• [WORK ORDER]:
Could you please reproduce every record below exactly, leaving out the pictures?
--- START ---
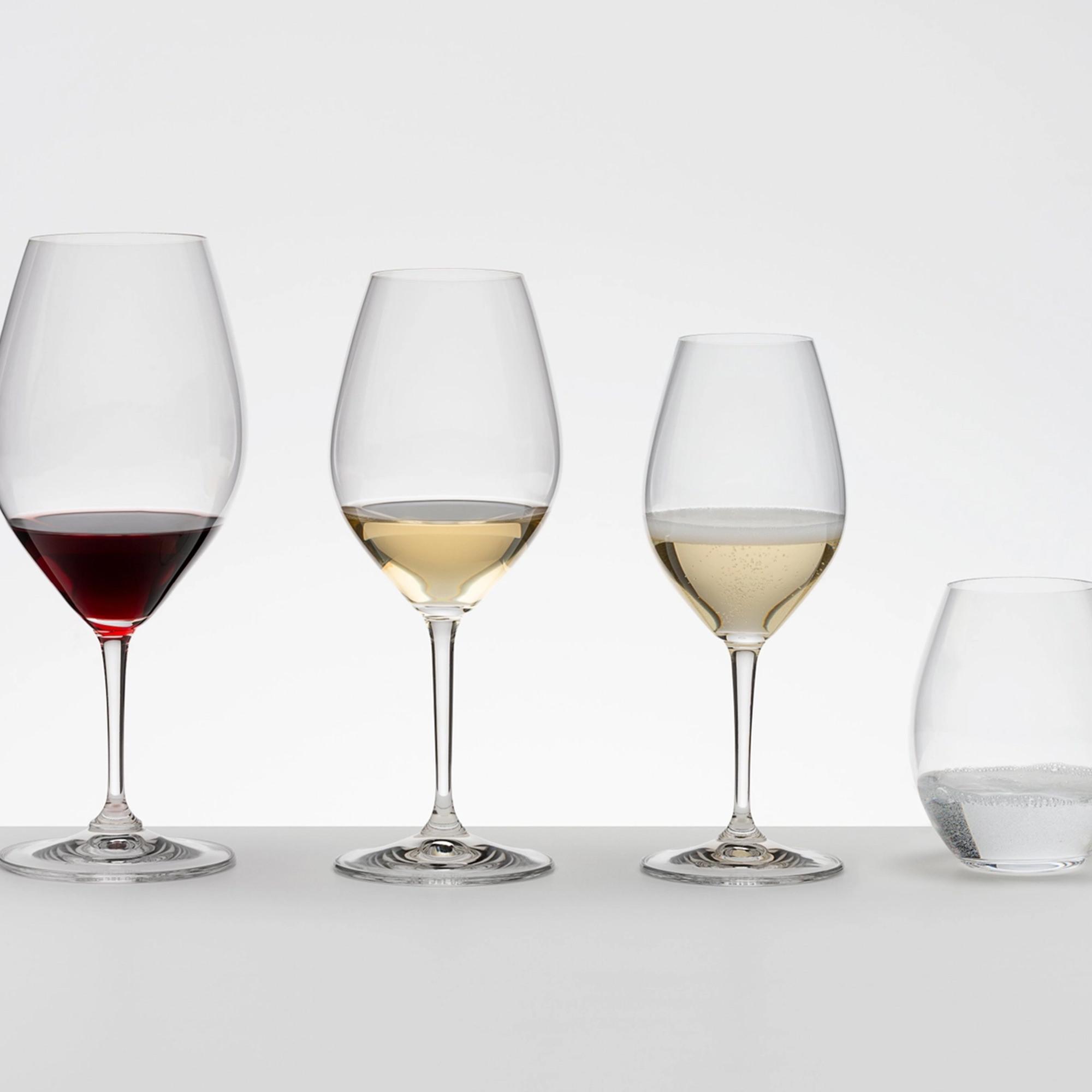 Riedel Wine Friendly Champagne Glass 440ml Set of 4 Image 2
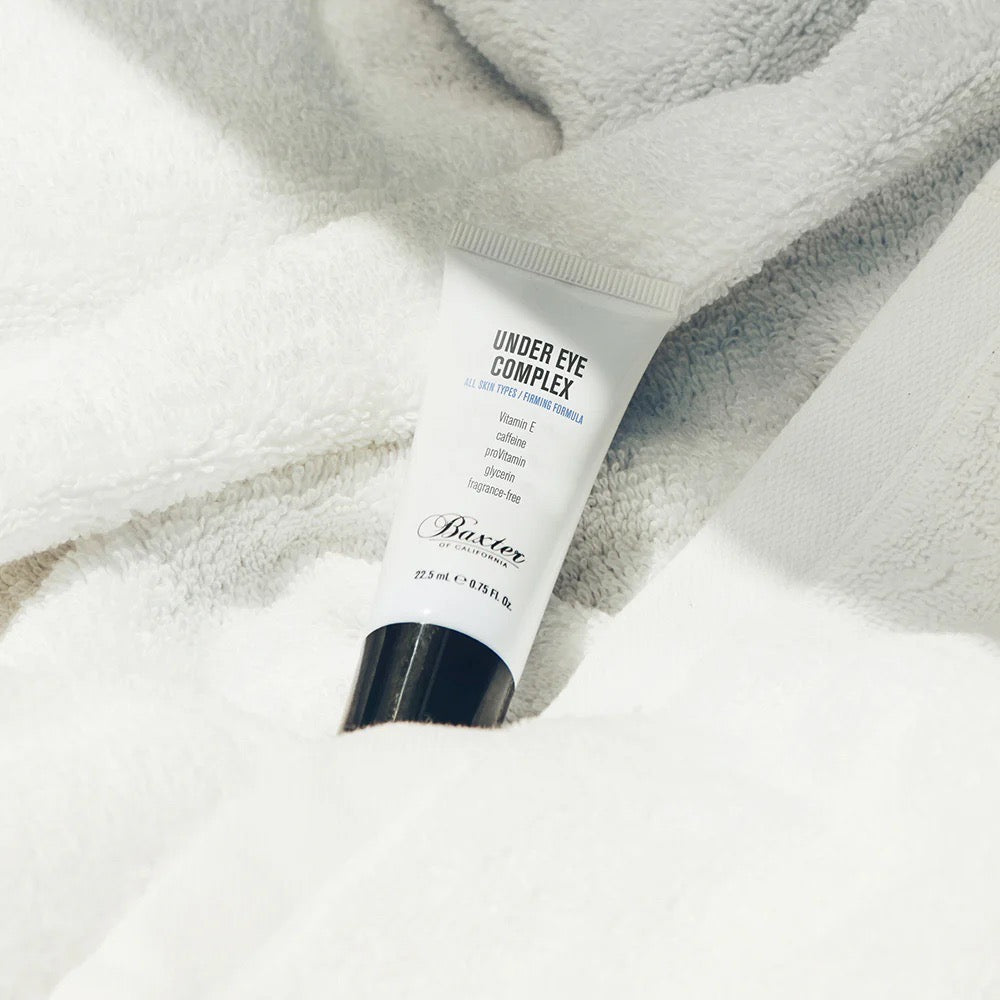 Under Eye Complex Hydrating Eye Cream 
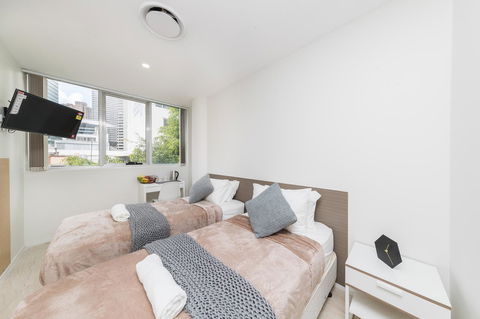 Dixon Residences - Accommodation Georgetown 3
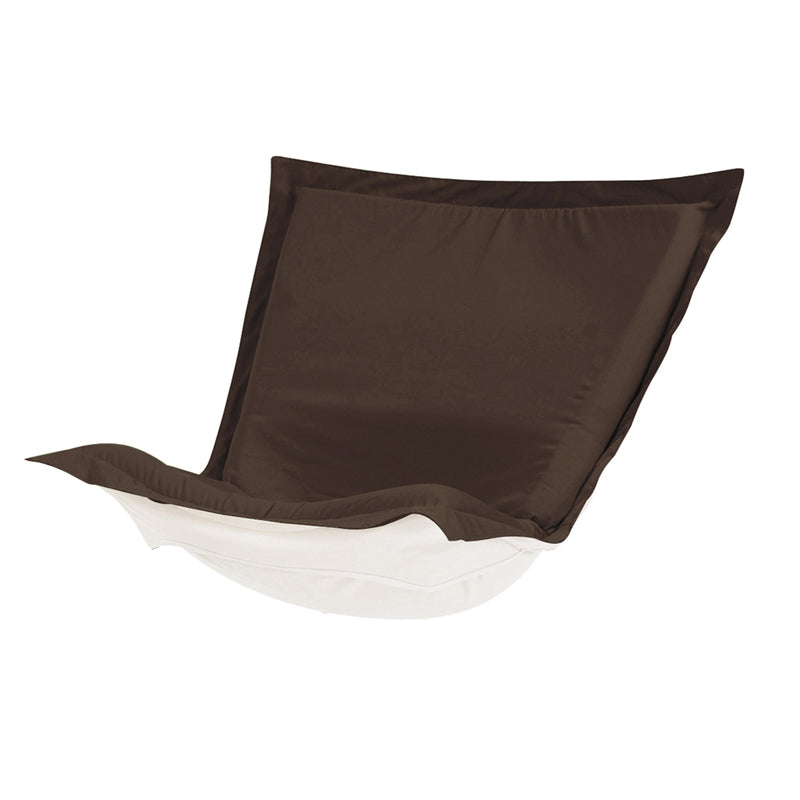 The Seascape Puff Chair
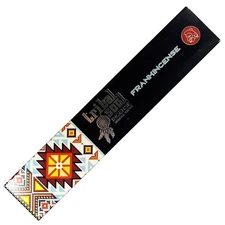 Tribal Soul Incense - Frankincense Hari Darshan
--- END ---
• [SOLUTION TO THIS PROBLEM]:
 Riedel Wine Friendly Champagne Glass 440ml Set of 4 Image 2
 Under Eye Complex Hydrating Eye Cream 
 Dixon Residences - Accommodation Georgetown 3
 The Seascape Puff Chair
 Tribal Soul Incense - Frankincense Hari Darshan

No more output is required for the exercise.